13. Başsavcılık 4/12/2018 tarihli yazı ile Van İl Emniyet Müdürlüğü Terörle Mücadele ve Kaçakçılık ve Organize Suçlarla Mücadele Şube Müdürlüklerinden 14/7/2018 ile 16/7/2018 tarihleri arasında başvurucuya ait gözaltı, yakalama, arama işlemi yapıldığına ilişkin kamera kayıtlarının ve tutanakların gönderilmesini istemiştir. Ayrıca aynı tarihte Bilgi İşlem Müdürlüğünden Van Sulh Ceza Hâkimliğinin koridorunu gören kameranın 18/7/2018 tarihli kayıtlarının CD ortamına aktarılarak iletilmesini talep etmiştir.

14. Bilgi İşlem Müdürlüğü 4/12/2018 tarihli yazıyla kamera kayıtların azami 25 gün tutulduğunu belirterek Van Sulh Ceza Hâkimliğinin bulunduğu koridoru gösteren kameraların kayıtlarının temin edilemediğini bildirmiştir.

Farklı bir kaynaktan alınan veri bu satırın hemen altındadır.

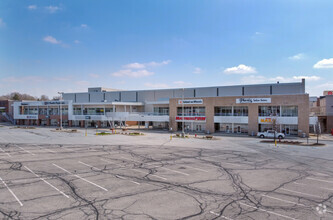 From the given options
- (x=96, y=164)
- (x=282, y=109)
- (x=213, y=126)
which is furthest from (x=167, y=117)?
(x=96, y=164)

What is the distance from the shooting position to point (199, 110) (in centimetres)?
5803

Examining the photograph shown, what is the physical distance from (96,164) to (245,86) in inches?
2118

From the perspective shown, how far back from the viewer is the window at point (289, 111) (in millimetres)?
48125

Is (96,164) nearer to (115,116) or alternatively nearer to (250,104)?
(250,104)

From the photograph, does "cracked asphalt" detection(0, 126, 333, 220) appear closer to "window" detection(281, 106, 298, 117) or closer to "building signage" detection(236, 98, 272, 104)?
"window" detection(281, 106, 298, 117)

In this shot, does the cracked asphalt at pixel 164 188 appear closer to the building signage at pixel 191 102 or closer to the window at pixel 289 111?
the window at pixel 289 111

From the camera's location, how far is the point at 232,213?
11.1m

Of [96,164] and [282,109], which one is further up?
[282,109]

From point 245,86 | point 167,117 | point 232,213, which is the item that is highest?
point 245,86

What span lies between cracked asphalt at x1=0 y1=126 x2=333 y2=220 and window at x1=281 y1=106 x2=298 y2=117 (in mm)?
26238

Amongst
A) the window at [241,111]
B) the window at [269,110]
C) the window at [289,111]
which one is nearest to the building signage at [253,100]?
the window at [269,110]

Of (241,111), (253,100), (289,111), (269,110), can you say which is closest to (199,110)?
(241,111)

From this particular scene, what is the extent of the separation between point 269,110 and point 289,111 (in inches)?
141

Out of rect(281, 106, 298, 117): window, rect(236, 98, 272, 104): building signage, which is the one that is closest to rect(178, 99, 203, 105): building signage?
rect(236, 98, 272, 104): building signage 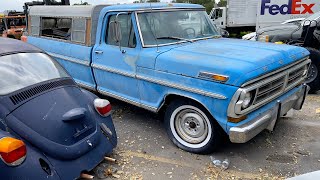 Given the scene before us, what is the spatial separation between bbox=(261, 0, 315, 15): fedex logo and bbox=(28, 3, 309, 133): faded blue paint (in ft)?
41.1

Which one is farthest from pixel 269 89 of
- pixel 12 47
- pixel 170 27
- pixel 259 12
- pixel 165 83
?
pixel 259 12

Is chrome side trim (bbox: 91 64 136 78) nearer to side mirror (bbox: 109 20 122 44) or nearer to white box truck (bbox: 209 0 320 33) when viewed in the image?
side mirror (bbox: 109 20 122 44)

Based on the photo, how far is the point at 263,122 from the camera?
355 centimetres

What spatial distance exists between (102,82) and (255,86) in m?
2.65

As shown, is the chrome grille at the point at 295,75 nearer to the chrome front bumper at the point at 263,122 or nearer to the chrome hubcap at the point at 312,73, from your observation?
the chrome front bumper at the point at 263,122

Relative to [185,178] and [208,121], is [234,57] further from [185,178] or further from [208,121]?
Result: [185,178]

15. Van İl Emniyet Müdürlüğü ise 16/12/2018 tarihli yazıyla, başvurucunun şüphelisi olduğu olay ile ilgili olarak Van Cumhuriyet Başsavcılığının 2018/14682 sırasına kayden yürütülen soruşturmada kısıtlılık kararı olması nedeniyle istenen belgelerin gönderilemediğini bildirmiştir. 18/12/2018 tarihli yazıyla ise kamera kayıtların azami 24 gün tutulduğunu açıklayarak başvurucunun gözaltında kaldığı günlere ait kayıtlara ulaşılamadığını belirtmiş; yazı ekinde 15/7/2018 tarihinde düzenlenen Olay, Yakalama, Gözaltına Alma ve Elkoyma Tutanağı'nı göndermiştir.

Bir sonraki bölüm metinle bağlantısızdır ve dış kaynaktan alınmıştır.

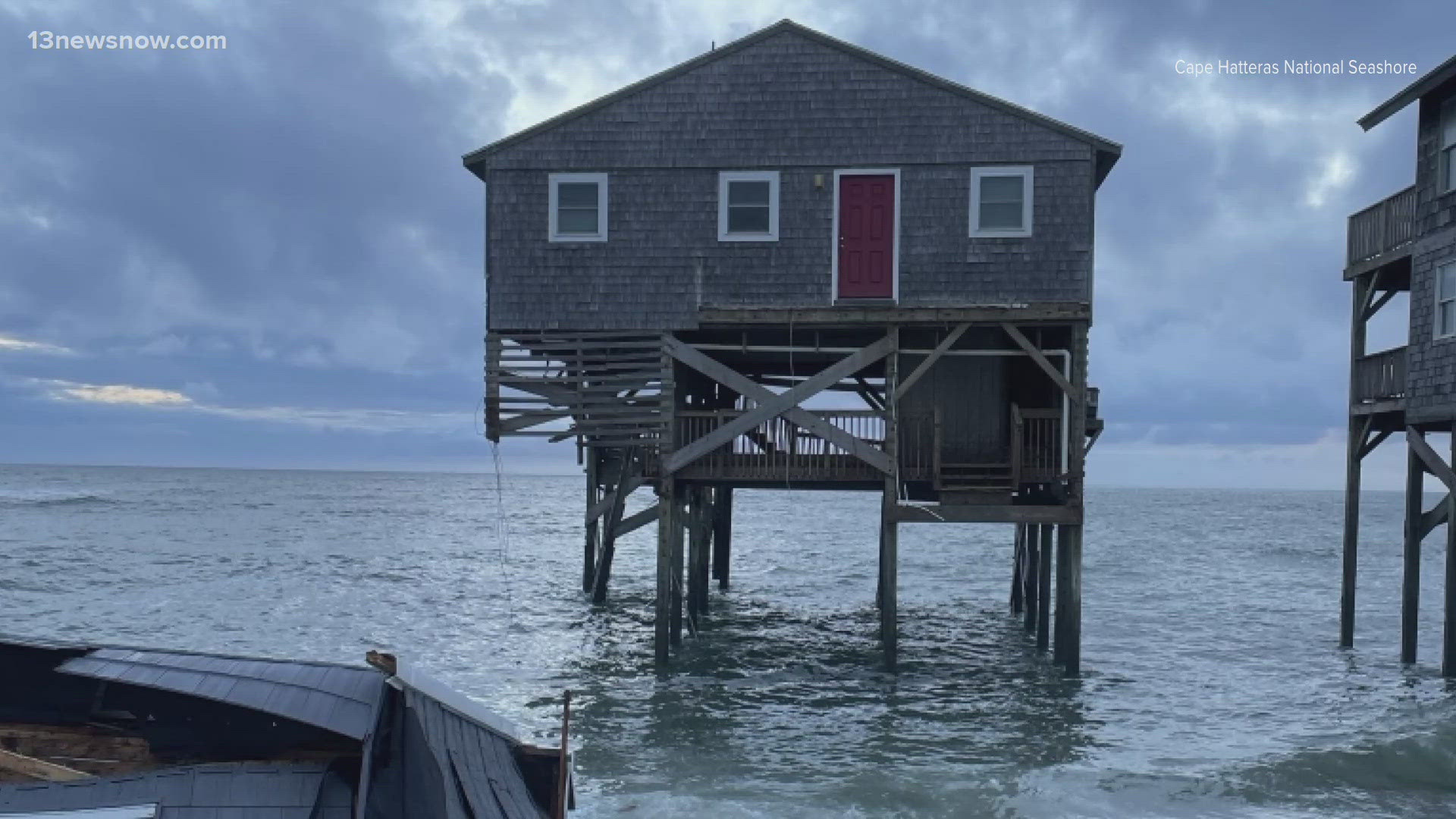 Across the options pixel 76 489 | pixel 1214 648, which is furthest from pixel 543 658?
pixel 76 489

16. Bunun üzerine Başsavcılık 18/2/2019 tarihli yazıyla Terör Suçları Soruşturma Bürosundan kısıtlılık kararı olan, 2018/14682 sayılı soruşturma dosyasında bulunan, 14/7/2018-16/7/2018 tarihleri arasındaki gözaltı, yakalama, arama işlemlerine ilişkin olan kamera görüntülerinin ve tutanaklarının gönderilmesini istemiştir. Ulusal Yargı Ağı Bilişim Sistemi (UYAP) aracılığıyla erişilen bilgi ve belgelerde bu yazıya verilen bir cevap tespit edilememiştir.

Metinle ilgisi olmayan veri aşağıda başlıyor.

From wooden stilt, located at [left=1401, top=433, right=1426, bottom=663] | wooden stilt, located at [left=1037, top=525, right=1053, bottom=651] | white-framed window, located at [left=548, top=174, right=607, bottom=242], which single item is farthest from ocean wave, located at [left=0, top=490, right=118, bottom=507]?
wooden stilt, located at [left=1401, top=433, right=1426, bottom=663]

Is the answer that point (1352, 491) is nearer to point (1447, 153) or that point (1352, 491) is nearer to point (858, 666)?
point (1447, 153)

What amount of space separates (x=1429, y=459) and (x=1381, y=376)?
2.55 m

17. Başsavcılık 7/10/2019 tarihinde, başvurucunun darbedildiğine dair herhangi bir rapor olmadığını, Arama ve Gözaltına Alma Tutanaklarında kötü muameleye maruz kaldığına dair beyanı bulunmadığını, kamera ve tanık araştırmasında somut bir delile ulaşılamadığını ifade ederek Van İl Emniyet Müdürlüğü görevlileri hakkında kovuşturmaya yer olmadığına dair karar vermiştir. Karar gerekçesinin ilgili kısmı şöyledir:

"Cumhuriyet Başsavcılığımızca yapılan soruşturma işlemlerinde; olaya ilişkin tüm bilgi ve belgelerin Van İl Emniyet Müdürlüğünden talep edildiği, gelen evraklar incelendiğinde, olay tarihinde PKK/KCK terör örgütünün eylem ve faaliyetlerinin önlenmesine yönelik çalışmalar neticesinde gerekli arama, gözaltına alma ve el koyma işlemlerinin yapıldığı ve buna ilişkin tutanakların tanzim edildiği, ilgili tutanaklarda müştekinin kendisine yönelik darp iddialarına ilişkin herhangi bir beyan ve delile rastlanılmadığı,

Yine olaya ilişkin kamera ve tanık araştırmasının yapıldığı, ancak herhangi bir tanık ve kamera kaydına rastlanılmadığı,

Müşteki vekili tarafından darp iddialarına karşı soruşturma dosyasına darp raporu, tanık beyanı gibi herhangi bir somut delil sunulmadığı,

Tüm soruşturma dosyası birlikte değerlendirildiğinde; olay tarihinde müştekinin darp edildiğine dair herhangi bir raporun bulunmadığı, yapılan adli arama ve gözaltına alma tutanaklarında kendisinin darp edildiğine dair beyanların olmadığı, olaya ilişkin yapılan kamera ve tanık araştırmasında somut bir delile ulaşılmadığı, bu kapsamda müştekinin olay tarihinde ilgili görevlilerce darp edildiğine dair soyut beyanı dışında soruşturma yapmayı gerektirecek herhangi bir somut delile ulaşılamadığı anlaşılmakla,

Yukarıda açıklanan nedenlerle iddia edilen olay hakkında KAMU ADINA KOVUŞTURMAYA YER OLMADIĞINA ... [karar verildi.]"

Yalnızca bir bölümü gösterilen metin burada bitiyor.